The Illinois lawmakers heard the cry of community association board members who were feeling the bad effects of open board meeting requirements. Longer, more contentious meetings. Less informed board members who were afraid of meeting each other in the supermarket and talking about board business for fear of violating the open meeting laws. Come January 1, 2017, that changes in Illinois.
The current laws allow boards to discuss only litigation, employment, rules violations and delinquent owner accounts in closed meeting executive sessions that take place within the framework of a properly noticed meeting open to all owners. Those categories are not broad enough.
As of January 1st, Illinois community association boards under the Illinois Condominium Property Act and the Common Interest Community Association Act (amended by Public Act 099-0567) will be able to have closed meetings to discuss probable or pending litigation, third-party contracts and employment issues, violations of the rules and regulations of the association and an owner’s unpaid share of common expenses. Boards also may interview prospective employees and contractors and consult with the association’s attorney. None of this has to be during an open meeting.

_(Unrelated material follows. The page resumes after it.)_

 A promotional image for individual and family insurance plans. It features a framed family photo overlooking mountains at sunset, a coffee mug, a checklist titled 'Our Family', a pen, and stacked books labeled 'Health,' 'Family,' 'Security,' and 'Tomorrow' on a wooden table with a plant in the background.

Board members can meeting at any time to discuss those topics. They can have email discussions, or any other type of communication before meetings. The only catch is that while the discussions can take place by email and other means between meetings (yes, even at the supermarket), the eventual vote has to take place during the open meeting.
With this law change, board members can do their board work between meetings rather than being afraid of doing so and believing that they have to do it all during an open meeting session. It’s hard enough volunteering for board membership and juggling a job or the children or a multitude of other personal obligations.
Now that board members will be able to use email between meetings to discuss those broad range of topics, they need to make sure to do so in a controlled, secure environment where records of their discussions and the documents that they consider are preserved and/or purged by the community association according to policy. Boards need a framework around their email and other digital communications. Board members can’t be using their free email accounts or employer’s email accounts to conduct board business. In doing so there is no record or historical perspective preserved; particularly when those board members leave the board along with all of their electronic records.
The changes in the Illinois laws are good, but the boards need to make sure that their board members are equipped to operate in a way that does not add risk to the organization.